═══ SUPPLIED MATERIAL

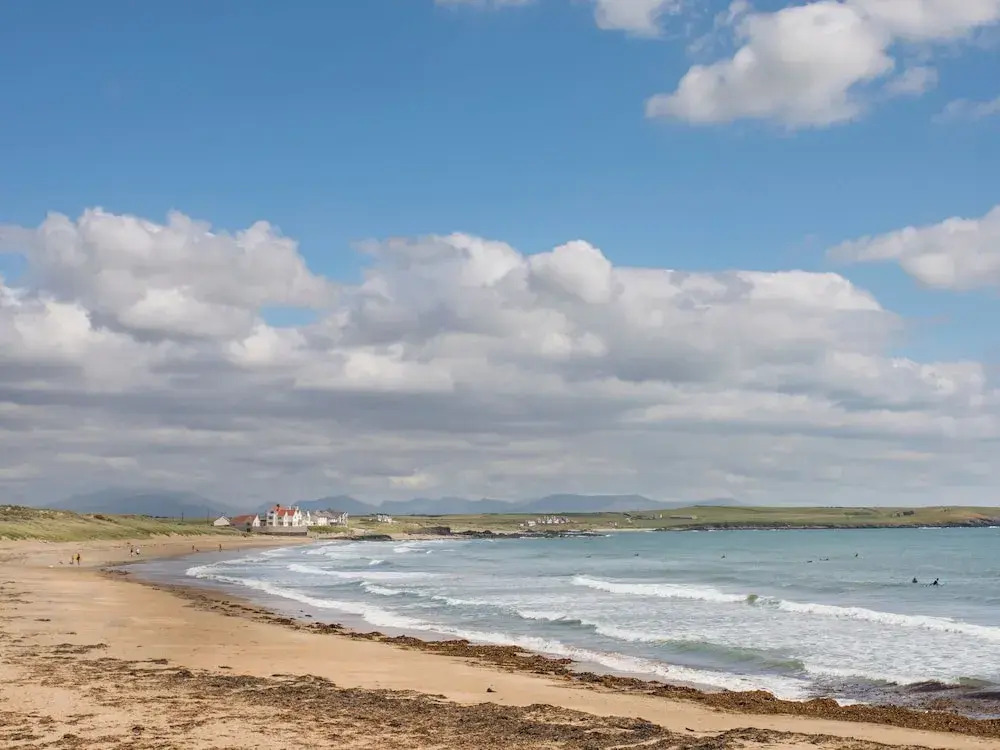 Awelfryn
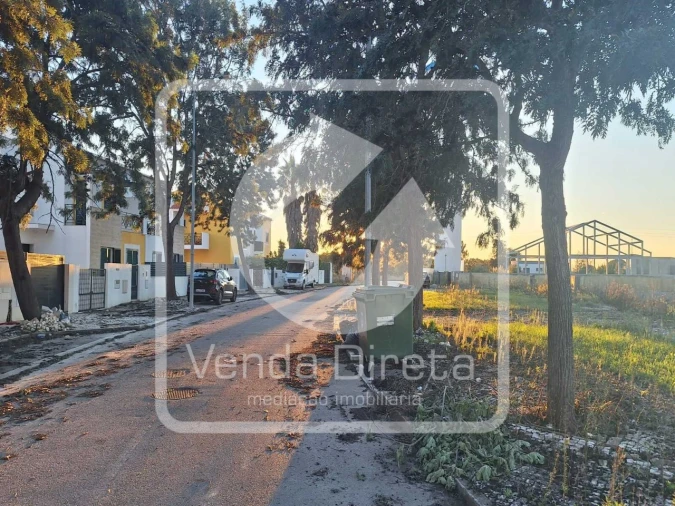 Terreno para Venda em Canha Foto 12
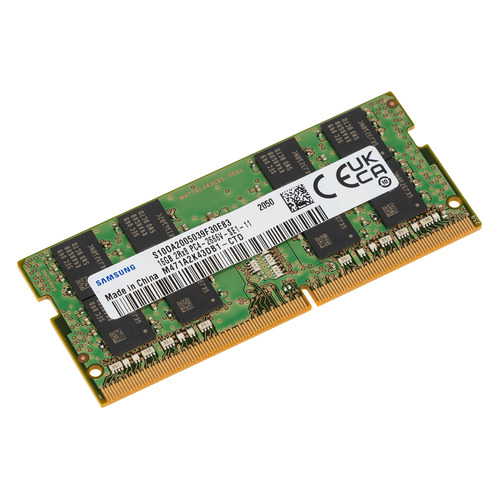 фото Модуль памяти samsung m471a2k43db1-ctd ddr4 - 16гб 2666, so-dimm, oem, original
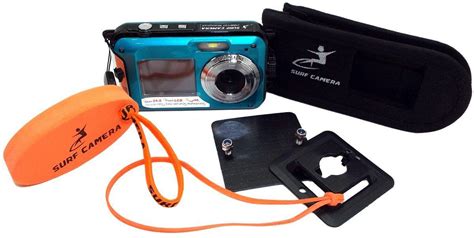 Floatable Waterproof Surf Camera 1080HD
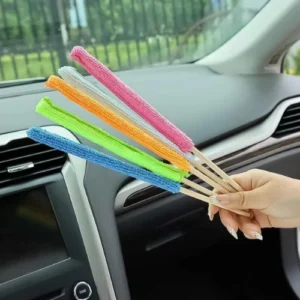 Mini Microfiber Duster 5 Piece
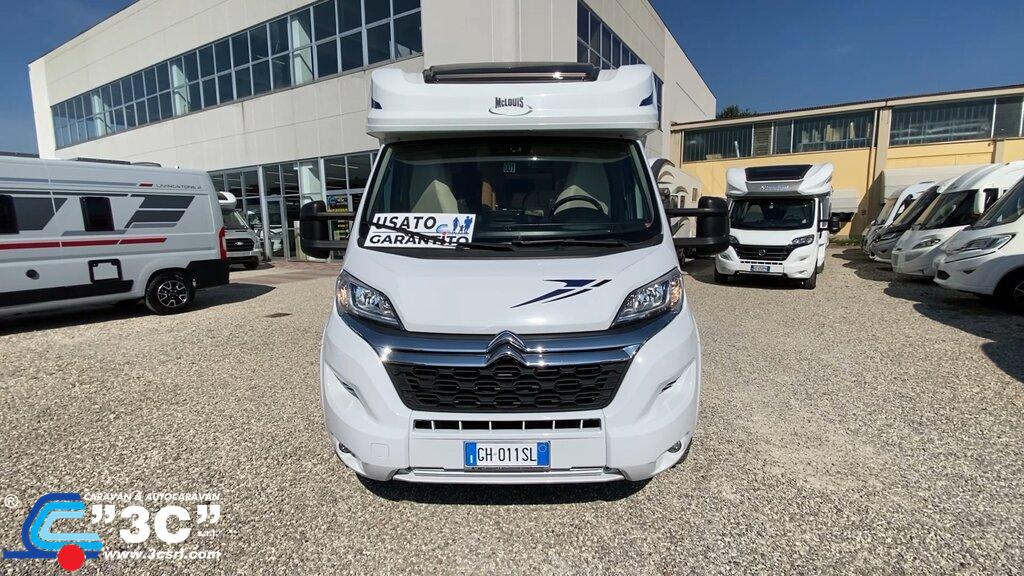 MC LOUIS Mc4 260 – foto 3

══════

> [ABOUT THIS TASK]
Find the line containing "Mini Microfiber Duster 5 Piece" in the listing above. Restate it and every line after it, word for word, through the final line, leaving out the pictures.

> [RESPONSE TO THIS EXERCISE]
 Mini Microfiber Duster 5 Piece
 MC LOUIS Mc4 260 – foto 3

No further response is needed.